** Opening Input material block **
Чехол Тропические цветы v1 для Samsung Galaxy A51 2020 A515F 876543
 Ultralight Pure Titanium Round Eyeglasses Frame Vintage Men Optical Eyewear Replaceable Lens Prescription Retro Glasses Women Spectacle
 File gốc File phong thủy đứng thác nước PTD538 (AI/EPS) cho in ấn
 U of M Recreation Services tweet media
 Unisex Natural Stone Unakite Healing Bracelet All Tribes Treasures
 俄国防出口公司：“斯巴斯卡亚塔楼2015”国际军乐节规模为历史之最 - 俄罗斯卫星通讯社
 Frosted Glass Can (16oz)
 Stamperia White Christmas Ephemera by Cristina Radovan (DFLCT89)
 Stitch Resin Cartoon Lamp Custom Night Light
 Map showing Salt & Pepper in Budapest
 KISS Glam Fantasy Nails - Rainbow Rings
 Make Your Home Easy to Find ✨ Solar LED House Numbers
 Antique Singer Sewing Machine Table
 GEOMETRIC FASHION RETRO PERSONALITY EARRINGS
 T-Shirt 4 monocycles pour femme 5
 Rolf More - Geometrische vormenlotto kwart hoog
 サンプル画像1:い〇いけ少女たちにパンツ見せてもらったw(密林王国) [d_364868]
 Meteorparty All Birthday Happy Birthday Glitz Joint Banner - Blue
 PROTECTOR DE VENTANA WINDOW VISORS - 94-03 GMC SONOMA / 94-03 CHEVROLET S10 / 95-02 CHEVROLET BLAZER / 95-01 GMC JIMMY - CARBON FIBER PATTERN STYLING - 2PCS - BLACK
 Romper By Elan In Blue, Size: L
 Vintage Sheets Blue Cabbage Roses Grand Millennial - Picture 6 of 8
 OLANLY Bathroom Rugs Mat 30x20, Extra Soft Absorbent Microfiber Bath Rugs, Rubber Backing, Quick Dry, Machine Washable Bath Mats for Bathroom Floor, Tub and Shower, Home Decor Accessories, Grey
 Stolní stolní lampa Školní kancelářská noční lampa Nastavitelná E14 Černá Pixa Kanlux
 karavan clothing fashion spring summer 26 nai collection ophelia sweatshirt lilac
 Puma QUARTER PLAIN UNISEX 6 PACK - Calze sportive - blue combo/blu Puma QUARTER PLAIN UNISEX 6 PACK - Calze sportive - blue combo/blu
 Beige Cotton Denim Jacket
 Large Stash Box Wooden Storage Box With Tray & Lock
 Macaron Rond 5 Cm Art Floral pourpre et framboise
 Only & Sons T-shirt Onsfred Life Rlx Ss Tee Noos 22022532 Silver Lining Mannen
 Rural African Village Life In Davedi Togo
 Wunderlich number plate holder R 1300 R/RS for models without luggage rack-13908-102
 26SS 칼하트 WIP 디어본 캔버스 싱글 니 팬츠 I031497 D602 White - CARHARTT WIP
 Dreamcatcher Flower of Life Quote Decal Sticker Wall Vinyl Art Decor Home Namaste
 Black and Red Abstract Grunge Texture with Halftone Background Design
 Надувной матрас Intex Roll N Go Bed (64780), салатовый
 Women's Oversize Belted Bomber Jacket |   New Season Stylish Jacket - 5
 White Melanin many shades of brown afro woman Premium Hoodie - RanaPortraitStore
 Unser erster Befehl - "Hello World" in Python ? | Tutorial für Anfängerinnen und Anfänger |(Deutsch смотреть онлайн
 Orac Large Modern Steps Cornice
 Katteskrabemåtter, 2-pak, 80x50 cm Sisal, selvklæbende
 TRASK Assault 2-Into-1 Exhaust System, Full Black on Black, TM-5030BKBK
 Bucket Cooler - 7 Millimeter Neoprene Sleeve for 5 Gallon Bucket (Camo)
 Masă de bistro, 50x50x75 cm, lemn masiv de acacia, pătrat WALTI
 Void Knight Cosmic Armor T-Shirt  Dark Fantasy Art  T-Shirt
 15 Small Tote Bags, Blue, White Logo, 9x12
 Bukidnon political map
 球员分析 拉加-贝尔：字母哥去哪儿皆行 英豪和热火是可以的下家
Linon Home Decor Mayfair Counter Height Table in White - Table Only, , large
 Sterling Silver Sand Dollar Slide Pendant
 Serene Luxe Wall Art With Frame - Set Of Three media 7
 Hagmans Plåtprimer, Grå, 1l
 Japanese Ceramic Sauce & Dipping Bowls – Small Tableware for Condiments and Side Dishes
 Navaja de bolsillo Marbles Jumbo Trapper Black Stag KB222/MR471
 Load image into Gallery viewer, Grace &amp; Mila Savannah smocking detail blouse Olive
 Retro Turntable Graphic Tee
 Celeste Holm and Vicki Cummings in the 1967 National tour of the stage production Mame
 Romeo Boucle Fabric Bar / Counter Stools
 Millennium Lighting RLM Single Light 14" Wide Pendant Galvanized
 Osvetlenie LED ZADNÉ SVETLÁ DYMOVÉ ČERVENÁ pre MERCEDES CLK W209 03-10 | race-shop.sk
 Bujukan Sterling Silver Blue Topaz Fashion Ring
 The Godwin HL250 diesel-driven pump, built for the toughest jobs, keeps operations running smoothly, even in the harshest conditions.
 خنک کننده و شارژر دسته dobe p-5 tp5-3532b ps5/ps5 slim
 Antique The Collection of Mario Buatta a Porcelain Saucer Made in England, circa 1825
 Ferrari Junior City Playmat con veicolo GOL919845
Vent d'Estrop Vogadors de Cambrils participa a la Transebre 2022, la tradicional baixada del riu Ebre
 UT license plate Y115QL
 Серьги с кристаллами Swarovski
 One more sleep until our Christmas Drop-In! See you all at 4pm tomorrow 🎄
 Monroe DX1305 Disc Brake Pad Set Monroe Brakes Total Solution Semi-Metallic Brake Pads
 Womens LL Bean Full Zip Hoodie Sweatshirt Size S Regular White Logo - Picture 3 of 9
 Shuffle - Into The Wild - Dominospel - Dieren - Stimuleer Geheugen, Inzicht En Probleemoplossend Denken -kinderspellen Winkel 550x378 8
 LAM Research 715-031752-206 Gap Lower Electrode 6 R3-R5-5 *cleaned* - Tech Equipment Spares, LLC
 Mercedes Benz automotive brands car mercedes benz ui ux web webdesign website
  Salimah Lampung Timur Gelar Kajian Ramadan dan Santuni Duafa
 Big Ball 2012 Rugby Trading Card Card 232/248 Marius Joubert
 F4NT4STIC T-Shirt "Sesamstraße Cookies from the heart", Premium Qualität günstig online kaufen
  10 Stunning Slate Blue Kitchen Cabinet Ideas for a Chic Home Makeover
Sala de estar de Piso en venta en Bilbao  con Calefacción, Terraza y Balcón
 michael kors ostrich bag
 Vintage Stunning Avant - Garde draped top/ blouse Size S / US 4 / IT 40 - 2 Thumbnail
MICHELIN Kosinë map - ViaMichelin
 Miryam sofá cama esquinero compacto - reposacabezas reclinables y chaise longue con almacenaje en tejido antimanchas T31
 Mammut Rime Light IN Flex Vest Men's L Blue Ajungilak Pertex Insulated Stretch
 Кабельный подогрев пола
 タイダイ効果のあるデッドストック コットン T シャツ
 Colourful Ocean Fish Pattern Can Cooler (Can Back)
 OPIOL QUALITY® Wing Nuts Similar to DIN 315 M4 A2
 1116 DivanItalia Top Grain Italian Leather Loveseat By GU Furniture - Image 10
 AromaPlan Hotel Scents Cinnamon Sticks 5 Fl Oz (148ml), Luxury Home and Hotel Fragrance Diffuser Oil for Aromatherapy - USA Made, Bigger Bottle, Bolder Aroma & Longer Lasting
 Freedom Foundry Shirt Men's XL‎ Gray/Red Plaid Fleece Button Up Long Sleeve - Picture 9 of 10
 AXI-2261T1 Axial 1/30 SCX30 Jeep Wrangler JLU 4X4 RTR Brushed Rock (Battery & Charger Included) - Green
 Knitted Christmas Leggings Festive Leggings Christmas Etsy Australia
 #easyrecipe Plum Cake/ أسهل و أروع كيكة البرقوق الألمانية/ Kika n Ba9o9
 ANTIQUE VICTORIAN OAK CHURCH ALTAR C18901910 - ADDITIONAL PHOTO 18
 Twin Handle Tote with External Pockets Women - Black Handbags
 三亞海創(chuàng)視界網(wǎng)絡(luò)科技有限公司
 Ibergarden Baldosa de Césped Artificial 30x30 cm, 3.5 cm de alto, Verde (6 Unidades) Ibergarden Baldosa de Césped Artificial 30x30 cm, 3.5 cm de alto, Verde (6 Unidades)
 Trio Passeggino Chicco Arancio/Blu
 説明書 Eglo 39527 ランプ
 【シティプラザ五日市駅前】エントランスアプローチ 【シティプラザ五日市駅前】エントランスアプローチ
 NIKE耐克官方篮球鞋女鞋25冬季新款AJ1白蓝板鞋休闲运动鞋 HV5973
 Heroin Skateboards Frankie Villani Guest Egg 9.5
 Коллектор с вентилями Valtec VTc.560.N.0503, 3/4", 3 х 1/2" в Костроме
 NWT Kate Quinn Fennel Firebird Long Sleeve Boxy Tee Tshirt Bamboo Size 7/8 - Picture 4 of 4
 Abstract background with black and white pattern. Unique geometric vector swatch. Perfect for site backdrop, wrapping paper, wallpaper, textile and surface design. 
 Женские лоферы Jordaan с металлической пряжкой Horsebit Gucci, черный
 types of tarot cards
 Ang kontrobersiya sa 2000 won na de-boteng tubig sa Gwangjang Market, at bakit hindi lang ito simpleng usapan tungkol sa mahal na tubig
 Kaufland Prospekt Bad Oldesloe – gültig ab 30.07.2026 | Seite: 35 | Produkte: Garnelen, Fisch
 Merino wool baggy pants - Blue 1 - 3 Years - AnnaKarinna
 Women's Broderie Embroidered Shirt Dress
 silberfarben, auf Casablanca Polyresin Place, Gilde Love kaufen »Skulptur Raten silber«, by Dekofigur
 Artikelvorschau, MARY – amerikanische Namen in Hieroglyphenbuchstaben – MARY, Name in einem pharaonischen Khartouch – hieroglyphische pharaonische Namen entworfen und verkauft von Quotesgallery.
** Closing Input material block **
◆ **What is needed**
Taking the material above, say how many lines have "Silver" in them, and give no other output.

◆ **Output for this task**
3